What impact has the increase in CGT had?

It was predicted that an increase in CGT would negatively affect the property market. Before its implementation, it was argued that a marked increase in CGT would ultimately cause a decline in the sale of property. So much so that industry players and analysts urged the government to lower the tax to 10 percent.

As of the first quarter of 2023, tax revenues from real estate and private share transactions amounted to Sh3.28 billion, according to revenue statistics by the Treasury. This marked a 12.92 percent decrease from Sh3.76 billion recorded in a similar period in 2022.

However, despite the increase in CGT the real estate market has continued to thrive with the continuing demand for housing, retail space and land. In the third quarter of 2023, the real estate sector grew by 6.2 percent, compared to an improvement of four percent in the third quarter of 2022, according to the Kenya National Bureau of Statistics.

If anything, CGT may not be the greatest challenge to the real estate market, if at all. The decline in tax collections from overall property transactions might be because of the increasing cost of living that has significantly constrained the disposable income of many Kenyans.

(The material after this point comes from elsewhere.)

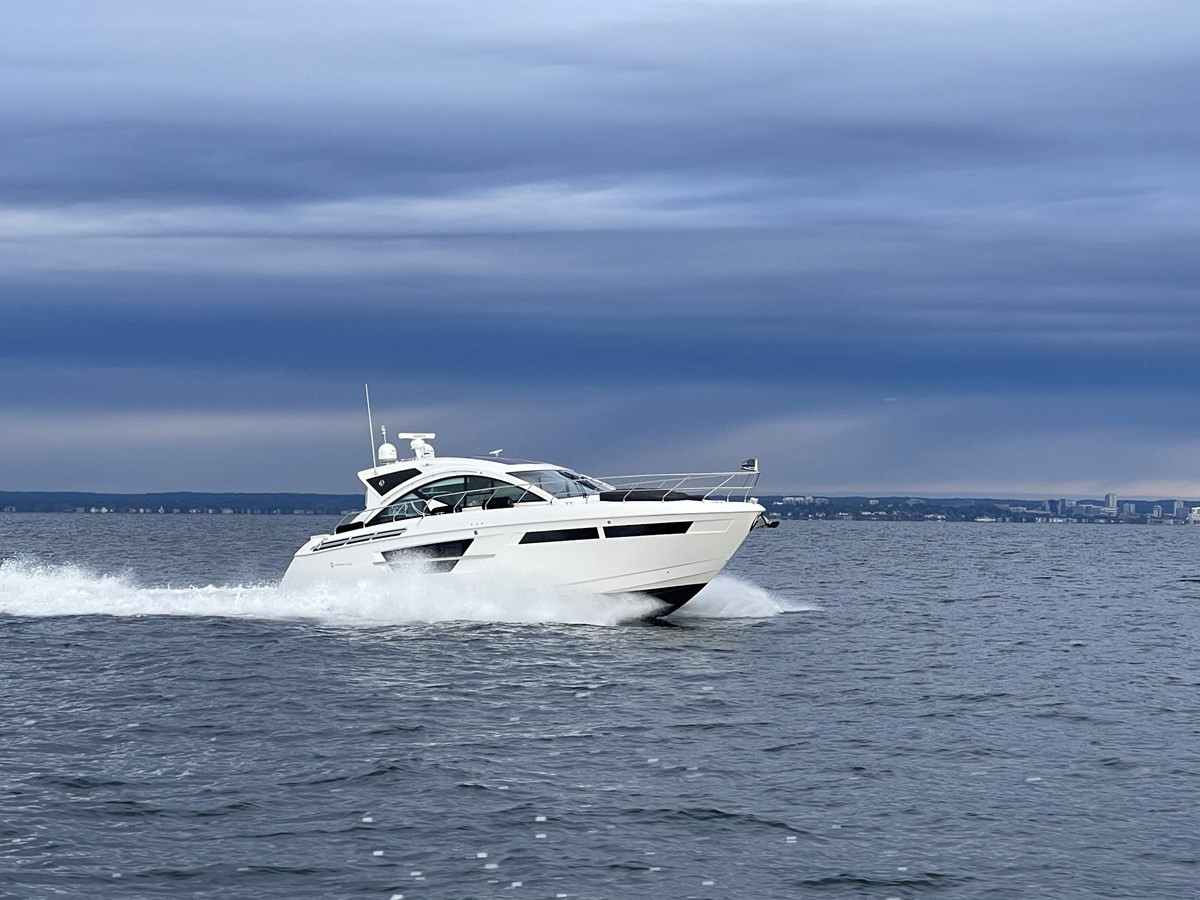 https://arconyachts.ams3.digitaloceanspaces.com/127773/conversions/large_3708173-optimize.jpg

The economic strain mirrors global trends, with nations worldwide contending with uncertainties stemming from the aftermath of the Covid-19 pandemic, global conflicts, and political instabilities.

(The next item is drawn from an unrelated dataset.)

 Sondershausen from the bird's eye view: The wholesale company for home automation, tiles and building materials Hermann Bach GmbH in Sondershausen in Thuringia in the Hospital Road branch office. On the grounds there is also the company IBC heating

A further problem is that the law does not provide for inflation adjustment. Inflation adjustment, otherwise known as indexation, would allow sellers to adjust the cost of their property to current prices based on the present-day inflation rate.

This is necessary to ensure that investors are cushioned against the effects of the high inflation rates.

Nevertheless, the Kenyan real estate market continues to soar. It is worth noting that Kenya has a relatively lower CGT rate compared to other regional players. Uganda charges a rate of 30 percent as part of business income, Zimbabwe 20 percent while South Africa imposes 18 percent for individuals and 21.6 percent for companies.

Additionally, Kenya's status as a key economic hub and its position among the fastest-growing economies in Africa enhance investor confidence.

It is premature to conclude on the specific effects of the CGT increase on the property market at this stage. Nevertheless, it is imperative that the government and other stakeholders track revenue collections and the overall economic growth.

Amrit is a consultant in the Real Estate and Finance Practice at DLA Piper Africa, Kenya while Esabel is an associate and Dickson is a trainee lawyer in the same practice.